We pass Stilton, after which Britain's best-known blue cheese is named. It isn't made there, but was sold at two coaching inns in the village. As long ago as the early 18th Century, Defoe associated Stilton with cheese.

An e-mail from Expedia shows the address of our hotel as 24A High Street, Stamford. We imagine an old coaching inn in the town centre. Driving among the limestone buildings, honey yellow in the bright sunlight, we find that the High Street is pedestrianised. The sat nav leads us to a small square beyond, but there's no sign of a hotel. We park in Bath Row, where the former public bath house still bears the legend "Baths" high up on its facade. The High Street has much the same as any in Britain: Boots, a bookshop, banks, charity shops; but no Bull and Swan Hotel. We try some lanes, in case 24A lies behind it, but find only the King's Arms. A shop assistant knows the name: we want the High Street, St Martin's. It's also in Stamford, but next to the Elizabethan Burghley House. On the way back to the car, we stop at a cafe offering fine speciality teas.

Just over the border from Stamford is the tiny county of Rutland. Next to the cafe, the Rutland and Stamford Mercury, published since 1695, asserts that it's Britain's oldest newspaper, though others make the same claim.

As we negotiate the narrow passage into the hotel car park, there's a sudden downpour. The rain sweeps under our umbrella and by the time we reach the cover of the inn's dark panelled lounge bar, which now doubles as a reception, we're dripping. There are homemade haslet Scotch eggs in a domed cakestand on the counter.

The staff give us a key to use in the front door if we're back late. It looks like a prop from The Munsters, but at least we won't forget it.

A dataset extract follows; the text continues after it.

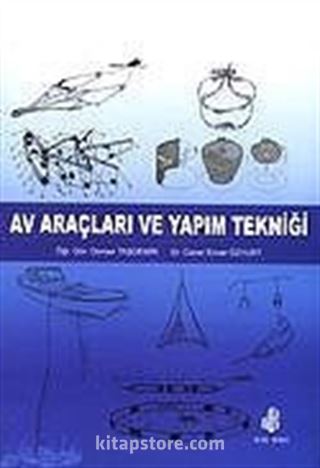 Av Araçları ve Yapım Tekniği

The hotel, we learn, is believed to have originated as an inn called the Woolpack, in the late 16th or early 17th Century. For many years, coaches on the Great North Road would stop here for food, stabling horses and a night's accommodation.

When the rain eases, we walk up into town. Stamford knows how good it looks; it's had the confidence to resist the violence that planners and developers have done to other market towns in England.

At Burghley, three-day horse trials are held. In the park, we follow a tarmac road along an avenue of limes, past jumps and stands for equestrian events, until we're in sight of the great house, its slender chimneys, turrets and gilded wrought iron softly illuminated by the evening sun. Some of the ancient oaks are losing their canopies of leaves, and a mulch of wood chippings has been spread around their bases, to suppress the grass and recreate the humus layer in the soil.

The hotel's dining room commemorates the Honourable Order of Little Bedlam, a drinking club founded by the Fifth Earl of Exeter in 1684.